Repeat every line of the data exactly; no picture belongs in the copy.

Data excerpts
##########
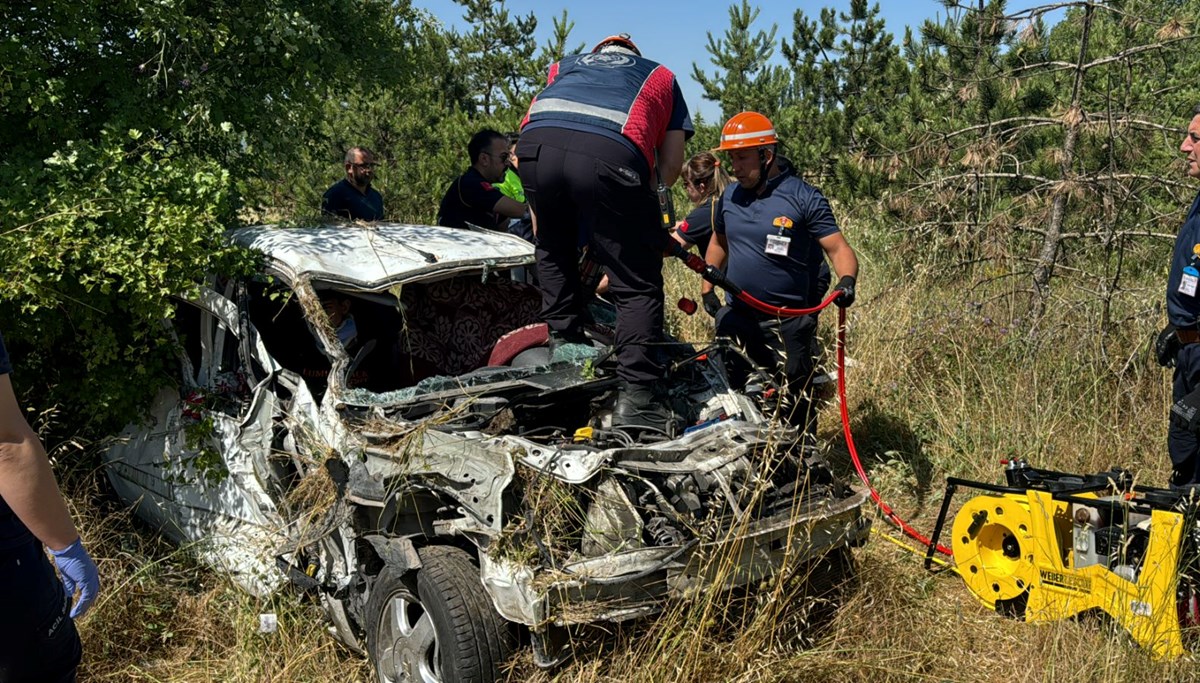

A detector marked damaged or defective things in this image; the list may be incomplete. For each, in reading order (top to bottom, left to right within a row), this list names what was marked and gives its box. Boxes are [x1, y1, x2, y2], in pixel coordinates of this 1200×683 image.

crushed car roof [229, 222, 535, 289]
wrecked white car [103, 222, 873, 676]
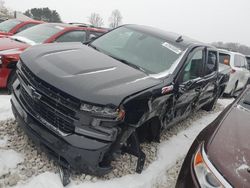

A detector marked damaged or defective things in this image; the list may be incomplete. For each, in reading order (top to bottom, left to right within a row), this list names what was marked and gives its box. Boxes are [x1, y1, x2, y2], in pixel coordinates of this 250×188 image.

crumpled hood [21, 42, 162, 106]
damaged front end [11, 61, 147, 185]
crumpled hood [206, 106, 250, 187]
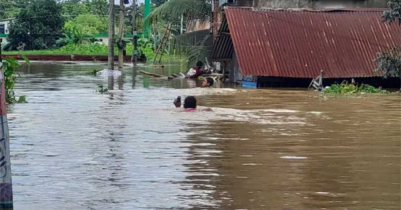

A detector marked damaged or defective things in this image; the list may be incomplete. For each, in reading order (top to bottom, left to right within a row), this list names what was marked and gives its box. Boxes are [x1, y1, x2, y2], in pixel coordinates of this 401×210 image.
##########
[Reply]:
A detector marked damaged or defective things in this image; the list may be incomplete. For each, in reading order (top to bottom, left to right within a row), this list names what was marked and gives its box. Boxes are [x1, y1, x2, y2], in pixel coordinates of this 1200×683 image.

crushed car roof [229, 222, 535, 289]
wrecked white car [103, 222, 873, 676]

A detector marked damaged or defective things in this image; the list may be incomplete. For each, in reading order (top to bottom, left to right within a row), this list names what was marked and gives its box. Boxes are [x1, y1, x2, y2], in pixel coordinates of this 250×188 image.

crumpled hood [21, 42, 162, 106]
damaged front end [11, 61, 147, 185]
crumpled hood [206, 106, 250, 187]

A detector marked damaged or defective things in this image; the list may be incomplete. For each, in reading order (top to bottom, left to right within a row), this list names what was marked and gives its box. Boxes are [x1, y1, x2, y2], in pixel coordinates of this 401×210 image.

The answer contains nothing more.